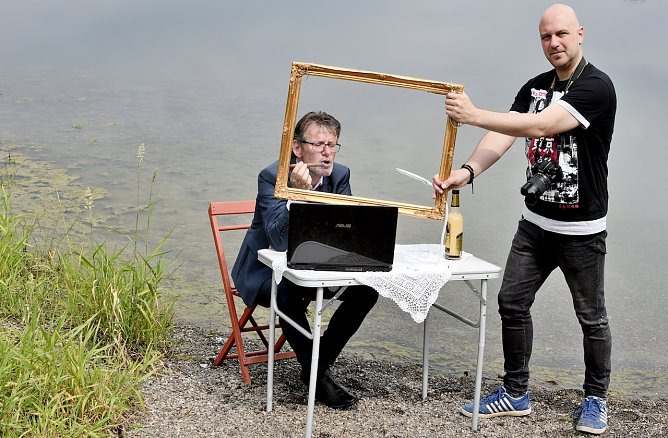 Keine Lesungen zum "Mordsharz" in diesem Herbst (Foto: Andrea Schrader)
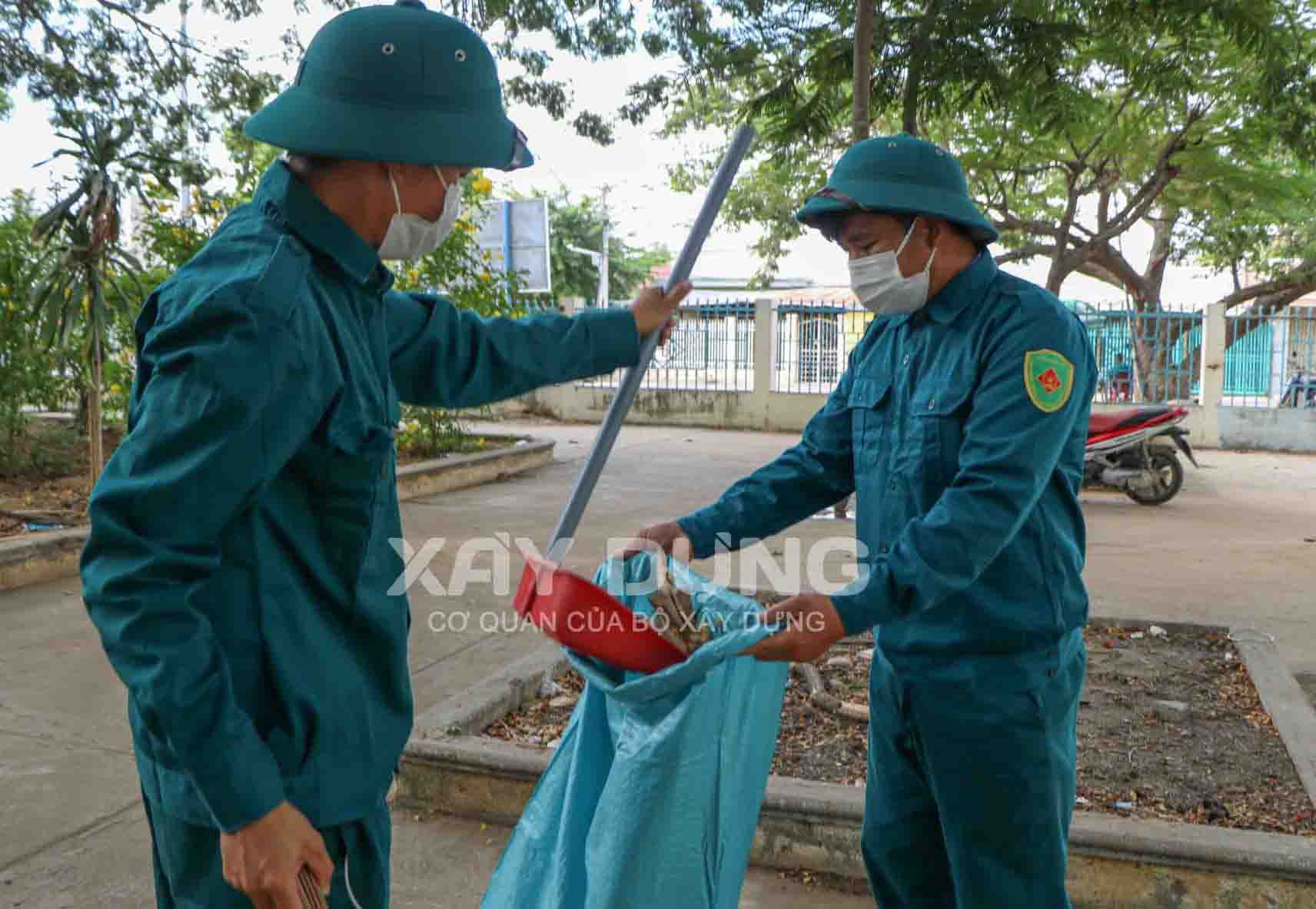 ninh thuan mot ngay cua nhung chien si sao vuong o khu cach ly tap trung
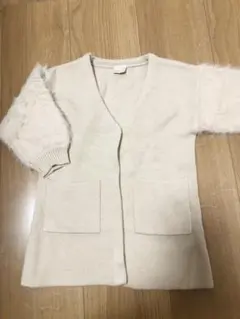 プティマイン  カーディガン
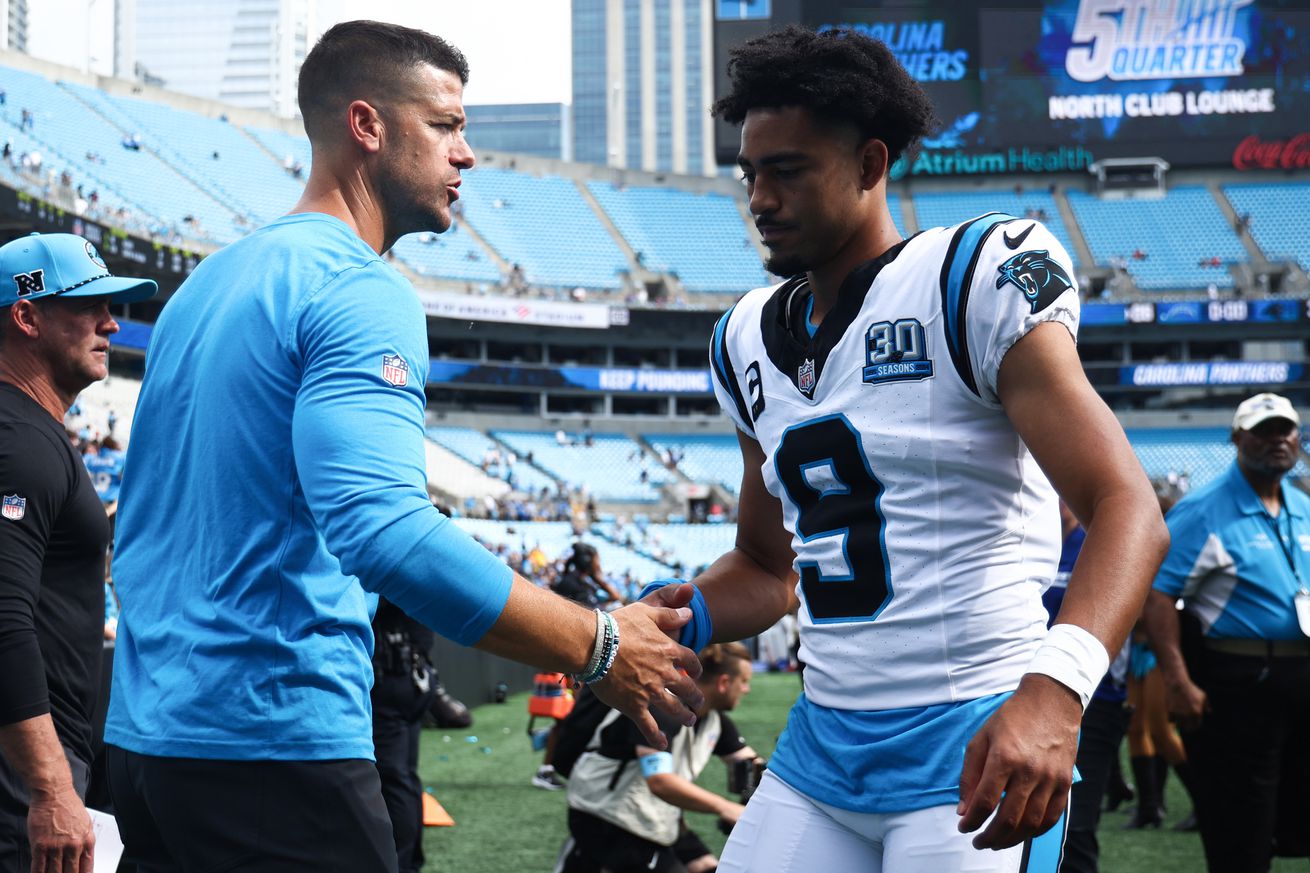 Los Angeles Chargers v Carolina Panthers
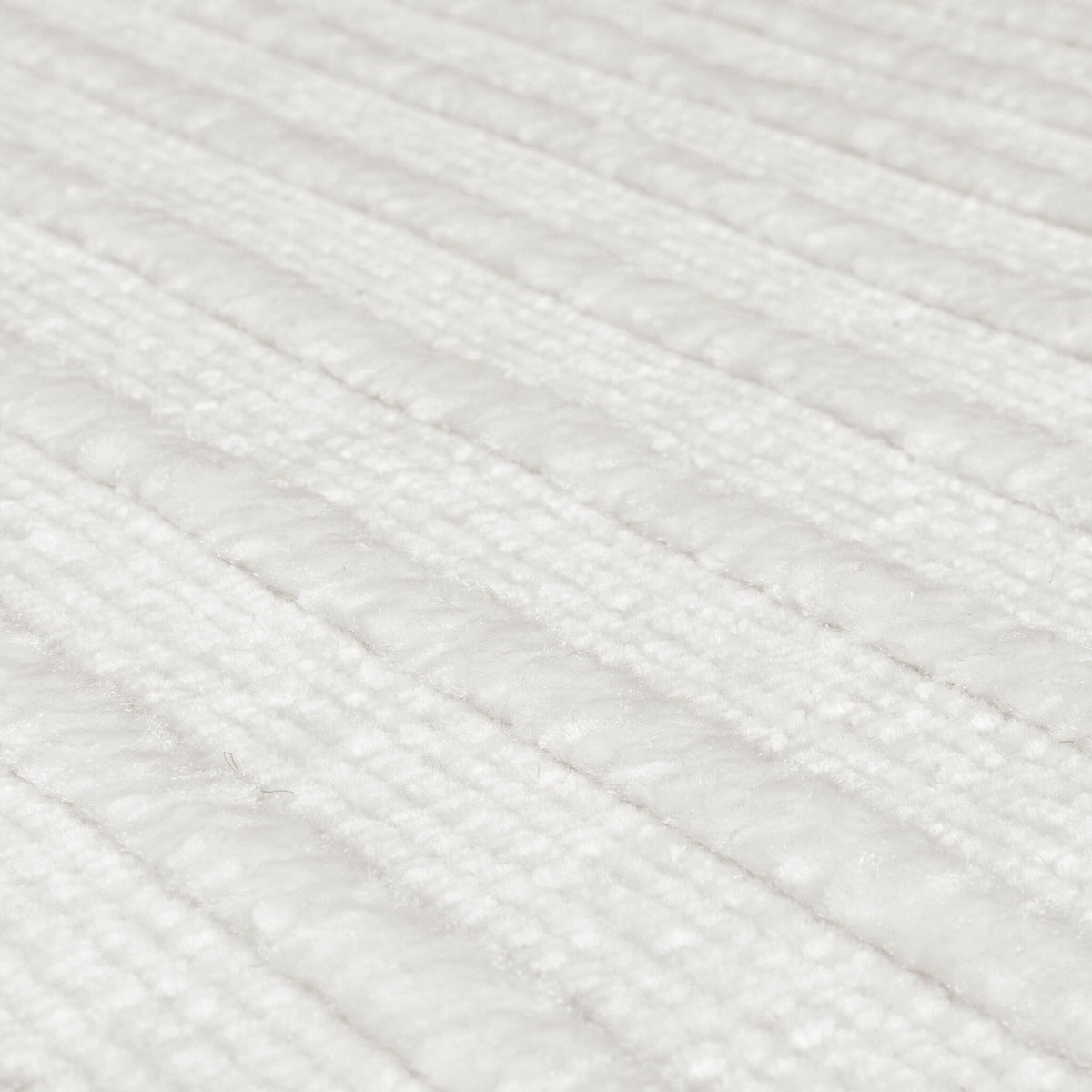 Washable runner - Elto Stripe Cream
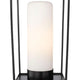 Sheridan 1-Light Outdoor Post Mounted Fixture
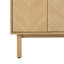 Meuble-lavabo double autoportant 72 po avec plateau en quartz Adele-92319979-92319978-132420707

===============

EXERCISE AIM
Leave out each picture and extract the lines from the one containing "Sheridan 1-Light Outdoor" through the end of the records above, inclusive, exactly as they stand.

THE ANSWER
 Sheridan 1-Light Outdoor Post Mounted Fixture
 Meuble-lavabo double autoportant 72 po avec plateau en quartz Adele-92319979-92319978-132420707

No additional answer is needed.